Soundtracks horen bij films zoals boter bij vis. Ze vormen een haast broodnodig ingrediënt, maar worden nauwelijks voor het eigen genot genuttigd. De muziek is slechts achtergrond, aangenaam maar niet opvallend. Een enkele keer is er echter sprake van een visie en staat de soundtrack tezelfdertijd ten dienste van de film en op zichzelf.
Vaak betreft het hier albums van componisten als Danny Elfman en — Noblesse Oblige — Ennio Morricone die voor een klassieke aanpak kiezen. Nick Cave en Warren Ellis bewezen echter (zij het niet als eersten) dat ook rockers in staat waren de filmwereld te recreëren met louter geluiden. Na de vingeroefening die The Proposition ondanks alles bleef, sloegen ze de wereld met verstomming met het prachtige en adembenemende The Assasination Of Jesse James By The Coward Robert Ford.
De droefenis en melancholie alsook het verlangen naar rust die elke seconde van de film voelbaar was, sijpelde uit de plaat en tekende het verhaal voor wie de film nog niet gezien had. Het nieuws dat Cave en Ellis de soundtrack zouden verzorgen voor The Road, een film gebaseerd op Cormac McCarthy’s gelijknamige boek, zorgde dan ook voor enkele overgeslagen hartslagen. Wie anders zou de desolaatheid en de strijd om te overleven in weerwil van een bestaan zonder hoop beter weten te omlijsten dan Cave en Ellis? Helaas geeft White Lunar daar geen antwoord op, de dubbel-cd is namelijk een compilatie van soundtracks geworden.
Naast enkele nog steeds bloedmooie tracks uit The Assasination Of Jesse James By The Coward Robert Ford, alsook een fors aantal songs van The Proposition zijn er op de eerste plaat toch nog zes nummers geschreven voor The Road terug te vinden.

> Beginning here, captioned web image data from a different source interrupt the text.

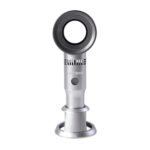 Portable Fan Hand-Held Fan - Image 3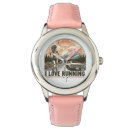 Search for run watches Fitness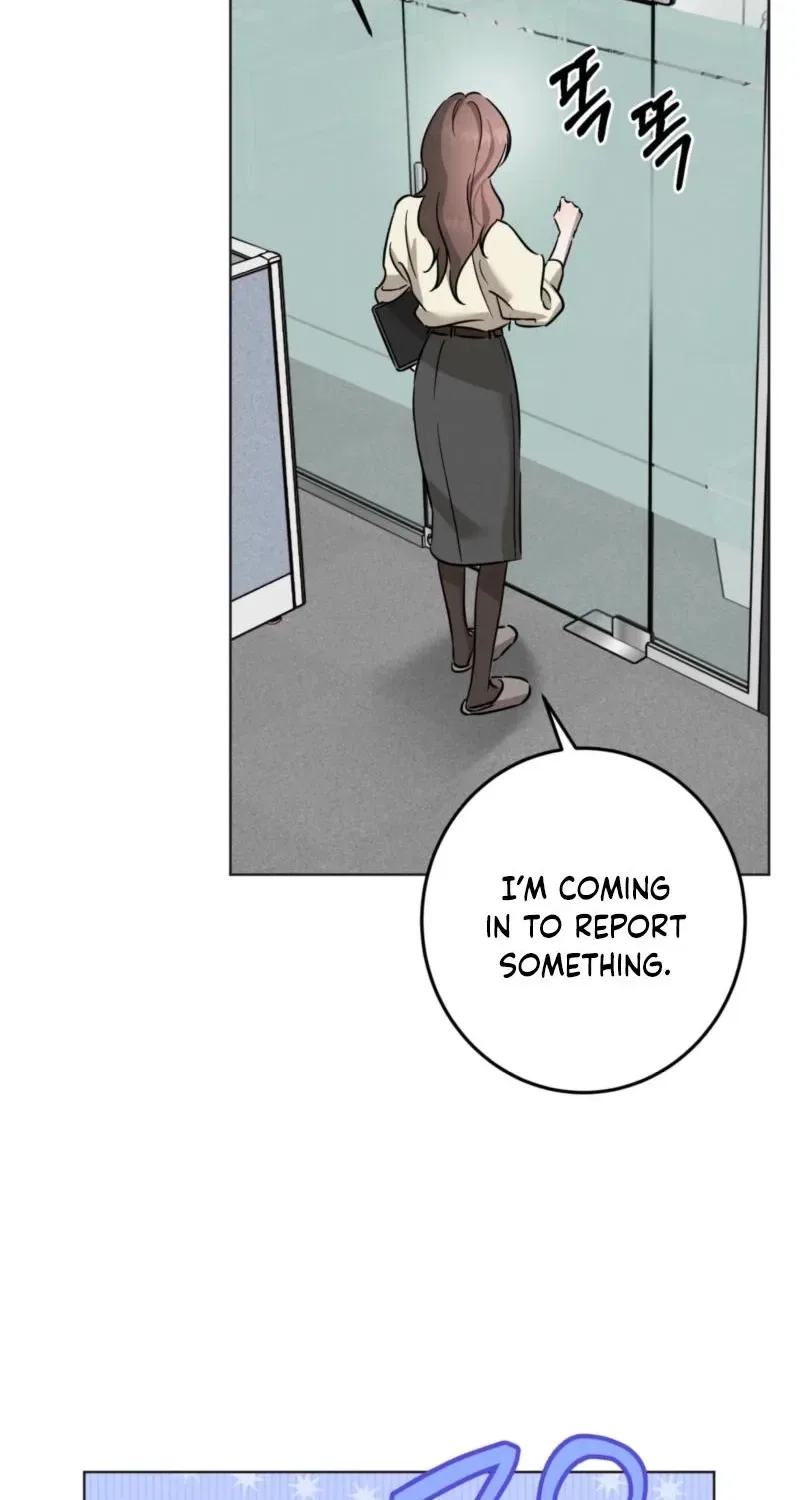 Marriage Classic Chapter 19 – Page 70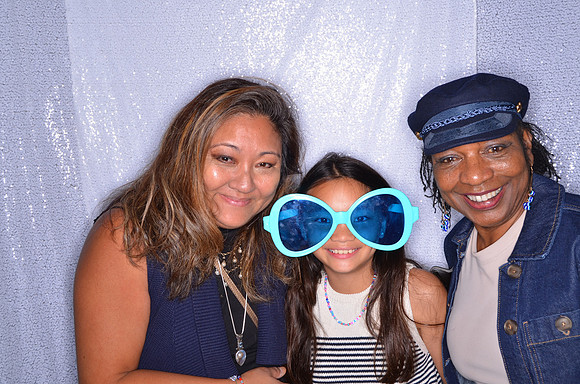 Viva_Studio_LindseyGRAD_6-14-2024_0082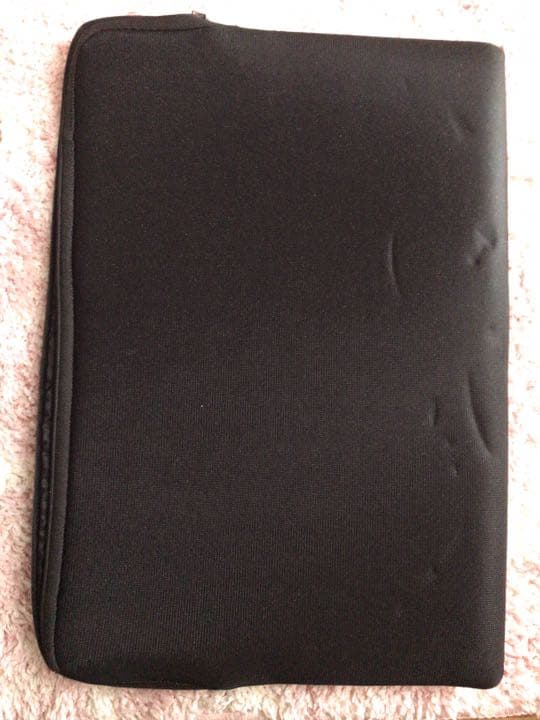 【お得！】ハイスペックPC、USB16GB等 テレワーク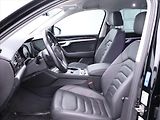 Volkswagen Touareg 3,0 TDI 170kW DSG 4M LED CZ - náhled 11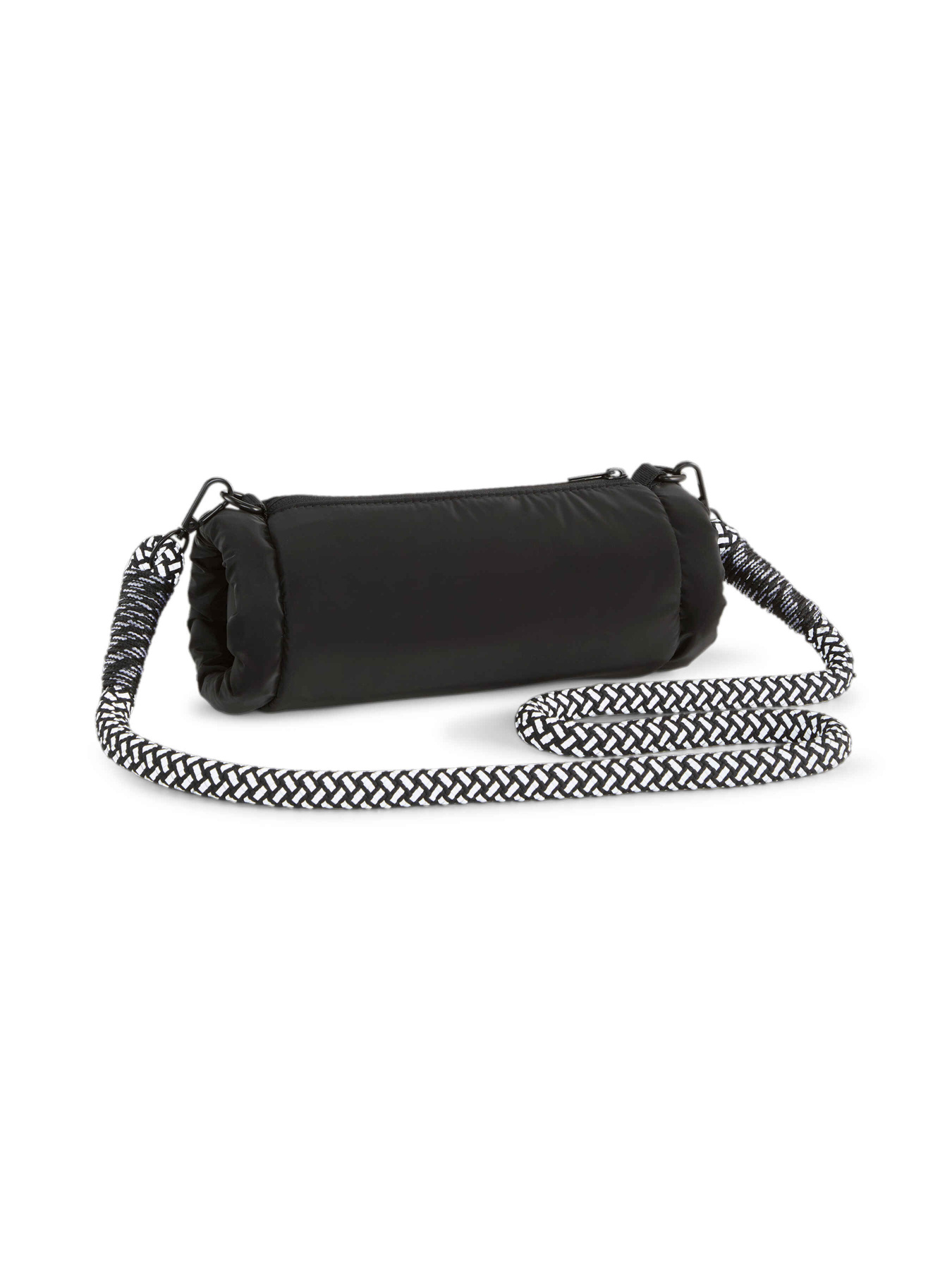 Крос-боді PUMA .bl Luxe X-body Bag модель 090792 Фото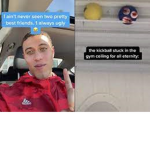 meme monkey people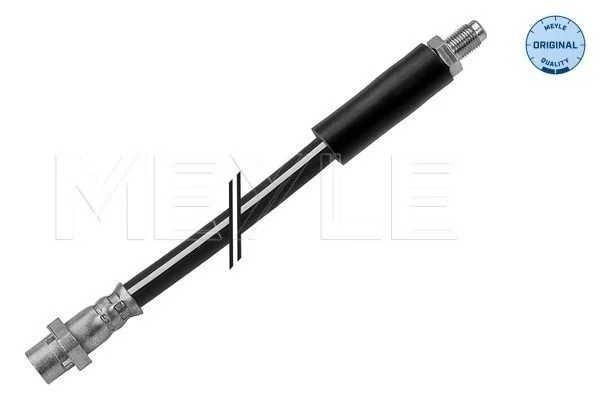 Brake Hose MEYLE 300 343 2113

De desolate klanken slagen er perfect in de dystopische wereld op te roepen zonder zich te verliezen in een groteske apocalyptiek. De twintig minuten vormen een weemoedig geheel die het verlangen naar meer alleen maar aanwakkeren, een volwaardige soundtrack verschijnt in de nabije toekomst.
Op de tweede plaat zijn niet alleen nummers van twee documentaires The Girls of Phnom Pehn en The English Surgeon te horen, maar ook vier niet eerder uitgegeven songs. In tegenstelling tot de eerste plaat, vormen de nummers een onverwacht geheel, al is dit in belangrijke mate te danken aan het feit dat de rustieke, voorzichtig georchestreerde songs van de vorige platen, alsook The Road, na plaats geruimd te hebben voor een mix van “geluidsexperimenten”, aanzetten tot nummers en een enkel streepje melancholie, waardoor ze een minder uitgesproken en van elkaar onderscheiden sfeer uitdragen. Toch mag het zonde heten dat hier geen volwaardige releases uit voortvloeien.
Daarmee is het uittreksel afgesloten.